The Pentagon said it is preparing to notify Congress it plans to impose furloughs on civilian U.S. defense workers because of impending budget cuts.
The department will notify Congress Wednesday it plans to furlough almost 800,000 employees one day a week beginning in April, unless Congress finds a way to avoid across-the-board domestic and defense spending cuts scheduled to take effect March 1, Stars and Stripes reported Tuesday.
Federal law requires the department to notify Congress at least 45 days in advance of such furloughs, and regulations require that affected workers be notified at least 30 days in advance, the report said.
Defense officials estimated civilian workers would be furloughed for a total of 22 days beginning April 1 and running through the end of the fiscal year Sept. 30, the report said.
Military troops would not be affected immediately. Political appointees and defense workers whose incomes are not appropriated by Congress would also be spared, Stars and Stripes said.
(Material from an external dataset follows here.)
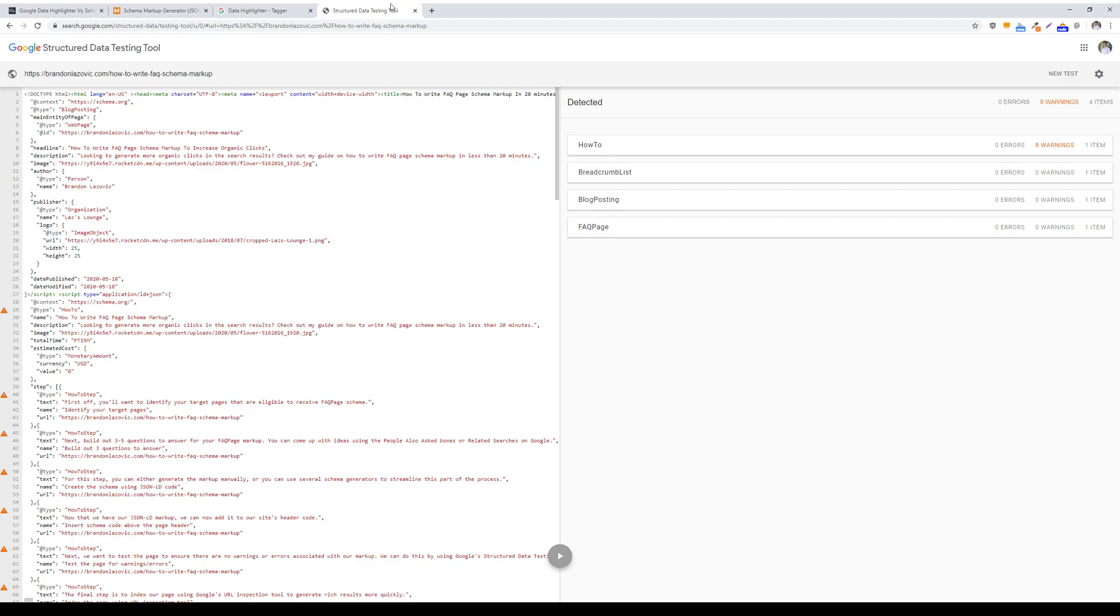There are different types of schema markup language that you can use, and the three main ones are microdata, RDFa, or JSON-LD. Without diving much into microdata or RDFa, which you have to use as part of your in-body content, JSON-LD is the preferred type of markup according to Google when adding schema to your website. So just stick with JSON-LD.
Lt. Col. Elizabeth Robbins, a Pentagon spokeswoman, said the Defense Department is not planning for furloughed civilian workers to recoup lost pay, as has been the practice in past government shutdowns.
Furloughed workers may not be able to draw unemployment because of the way the furloughs are being implemented. The Pentagon would be responsible for paying unemployment benefits, which would force the department to make other cuts to cover that spending.